**Dataset content**
_ _ _ _ _
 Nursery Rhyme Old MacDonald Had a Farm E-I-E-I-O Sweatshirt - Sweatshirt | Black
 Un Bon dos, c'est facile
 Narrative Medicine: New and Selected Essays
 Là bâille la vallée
_ _ _ _ _
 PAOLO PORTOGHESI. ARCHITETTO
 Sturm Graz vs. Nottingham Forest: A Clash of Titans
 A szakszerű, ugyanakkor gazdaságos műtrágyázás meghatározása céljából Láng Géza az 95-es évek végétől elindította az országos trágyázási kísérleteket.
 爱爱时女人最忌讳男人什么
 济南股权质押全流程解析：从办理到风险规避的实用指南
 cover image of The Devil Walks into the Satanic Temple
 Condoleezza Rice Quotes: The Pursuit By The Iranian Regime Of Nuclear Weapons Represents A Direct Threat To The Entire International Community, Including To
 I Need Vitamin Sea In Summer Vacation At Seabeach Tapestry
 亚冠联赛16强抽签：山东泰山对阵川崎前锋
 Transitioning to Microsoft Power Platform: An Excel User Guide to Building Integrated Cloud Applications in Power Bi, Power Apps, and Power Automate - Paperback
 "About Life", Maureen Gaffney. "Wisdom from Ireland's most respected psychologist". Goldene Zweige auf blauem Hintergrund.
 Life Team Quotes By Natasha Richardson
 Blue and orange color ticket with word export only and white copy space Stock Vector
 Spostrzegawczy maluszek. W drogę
_ _ _ _ _
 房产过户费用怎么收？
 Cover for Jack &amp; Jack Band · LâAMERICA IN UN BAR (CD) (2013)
_ _ _ _ _
**Activity**
From the material above, set down exactly the lines between the line holding "亚冠联赛16强抽签：山东泰山对阵川崎前锋" and the line holding "auf blauem Hintergrund.", inclusive. Include nothing else.

**Solution for this exercise**
 亚冠联赛16强抽签：山东泰山对阵川崎前锋
 Transitioning to Microsoft Power Platform: An Excel User Guide to Building Integrated Cloud Applications in Power Bi, Power Apps, and Power Automate - Paperback
 "About Life", Maureen Gaffney. "Wisdom from Ireland's most respected psychologist". Goldene Zweige auf blauem Hintergrund.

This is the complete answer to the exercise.